Oxford, however, was attacked with more violence, and the consequences were more important. That celebrated University had been distinguished by its unalterable attachment to the royal cause. When Charles I. was compelled to quit London, he found a retreat at Oxford, where the various colleges expended in supporting his cause whatever wealth they possessed, while many members of the University exposed their lives in his service. In Charles the Second’s time, Oxford, on account of its inflexible loyalty, had been chosen as the place where the King convoked a short Parliament, when the interest of the Whigs in the city of London was so strong as to render him fearful of remaining in its vicinity. It was less to the honour of this University, that it had shown itself the most zealous in expressing, and enforcing by its ordinances, the slavish tenets of passive obedience and non-resistance to the royal authority, which were then professed by many of the members of the Church of England; but it was an additional proof that their devotion to the King was almost unlimited.
But if James recollected any thing whatever of these marks of loyalty to the Crown, the remembrance served only to encourage him in his attack upon the privileges of the University, in the belief that they would not be firmly resisted.

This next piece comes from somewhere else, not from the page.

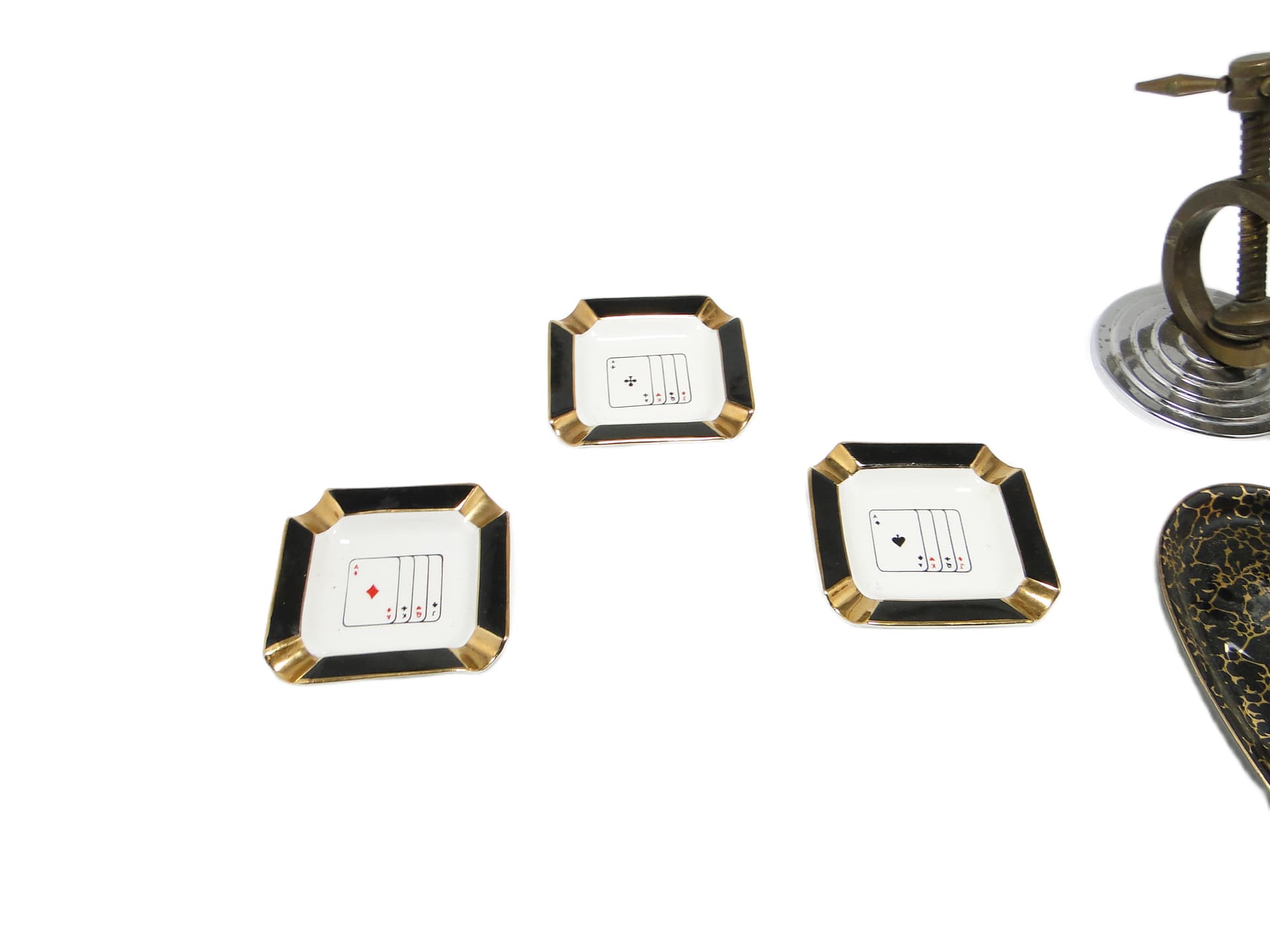 Zestaw trzech popielniczek brydżowych, mid-century modern, porcelana, Ćmielów, Polska, lata 60.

With ingratitude, therefore, as well as folly, he proceeded to intrude his mandate on the society of Magdalen College, commanding them to choose for their president one of the new converts to the Catholic religion, and on their refusal, expelled them from the college; thus depriving them of their revenues and endowments, because they would not transgress the statutes, to the observance of which they had solemnly sworn.
A still more fatal error, which seems indeed to have carried James’s imprudence to the uttermost, was the ever-memorable prosecution of the bishops, which had its origin in the following circumstances. In 1688, James published a second declaration of indulgence, with an order subjoined, by which it was appointed to be read in all the churches. The greater part of the English bishops, disapproving of the King’s pretended prerogative of dispensing with the test and penal laws, resolved to refuse obedience to this order, which, as their sentiments were well known, could only be intended to disgrace them in the eyes of the people. Six of the most distinguished of the prelates joined with [Sancroft] the Archbishop of Canterbury, in a humble petition to the King,1 praying his Majesty would dispense with their causing to be published in their dioceses a declaration founded upon the claim of royal dispensation, which claim having been repeatedly declared illegal, the petitioners could not, in prudence, honour, or conscience, be accessory to distributing a paper, which asserted its validity in so solemn a manner all over the nation.
The King was highly incensed at this remonstrance, and summoning the seven prelates before his Privy Council, he demanded of them if they owned and adhered to their petition. They at once acknowledged that they did so, and were instantly committed to the Tower, on a charge of sedition. The rank and respectability of these distinguished men, the nature of the charge against whom, in the popular apprehension, was an attempt to punish them for a bold, yet respectful discharge of their high duties, coupled with the anxious dread of what might be expected to follow such a violent procedure, wrought up the minds of the people to the highest pitch.
An immense multitude assembled on the banks of the Thames, and beheld with grief and wonder those fathers of the Church conveyed to prison in the boats appointed for that purpose. The enthusiasm was extreme. The spectators wept, they kneeled, they prayed for the safety of the prisoners, which was only endangered by the firmness with which they had held fast their duty; and the benedictions which the persecuted divines distributed on every side, were answered with the warmest wishes for their freedom, and the most unreserved avowal of their cause. All this enthusiasm of popular feeling was insufficient to open James’s eyes to his madness. He urged on the proceedings against the prelates, who, on the 17th June, 1688, were brought to trial, and, after a long and most interesting hearing of their cause, were fully acquitted. The acclamations of the multitude were loud in proportion to the universal anxiety which prevailed while the case was in dependence; and when the news reached the camp at Hounslow, the extravagant rejoicings of the soldiers, unchecked by the King’s own presence, showed that the army and the people were animated by the same spirit.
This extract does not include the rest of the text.